Rachel Arnow-Richman, Just Notice: Re-Reforming Employment at Will, 58 UCLA L. Rev. 1 (2010).  Abstract Below:

This Article proposes a fundamental shift in the movement to reform employment termination law. For forty years, there has been a near consensus among employee advocates and worklaw scholars that the current doctrine of employment at will should be abandoned in favor of a rule requiring just cause for termination. This Article contends that such calls are misguided, not—as defenders of the current regime have argued—because a just cause rule grants workers too much protection vis-à-vis management, but because it grants them too little.
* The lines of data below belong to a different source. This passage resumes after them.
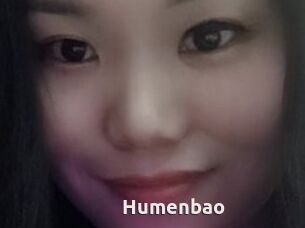 Humenbao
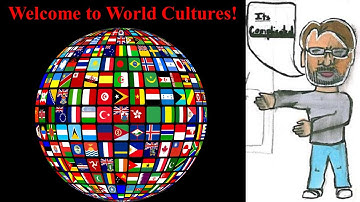 2020-2021 First Day - Storytelling Announcement!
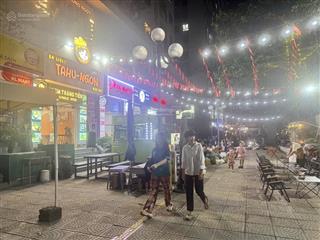 Bán shop house 100m2, sổ lâu dài, kinh doanh tốt, chân đế chung cư ecohome tân xuân, bắc từ liêm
A just cause rule provides only a weak cause of action to a narrow subset of workers: those able to prove they were fired for purely arbitrary reasons. It fails to account for the justifiable, but still devastating, termination of workers for economic reasons, by far the most common reason for job loss today. In this way, a just cause rule is not only inadequate, but also anachronistic. Just cause protection is consistent with a mid-twentieth-century view of the social contract of employment, one that anticipates a long-term, symbiotic relationship between employer and employee in an economy dependent on internal labor markets. Under such a system, a just cause rule gives legal force to parties’ mutual and implicit understanding of their obligations to one another.

In contrast, today’s employers operate principally in an external labor market in which implicit promises of long-term employment have been replaced by implicit promises of long-term employability. Companies and workers alike anticipate significant job turnover both in times of economic turbulence, such as the recent downturn, in which employers were forced to shed numerous workers due to financial hardship, as well as during economic bubbles, in which companies lay off workers and reorganize for strategic reasons. Given these practices and expectations, the goal of termination law should not be protecting individual jobs but assisting workers in the inevitable situation of job loss.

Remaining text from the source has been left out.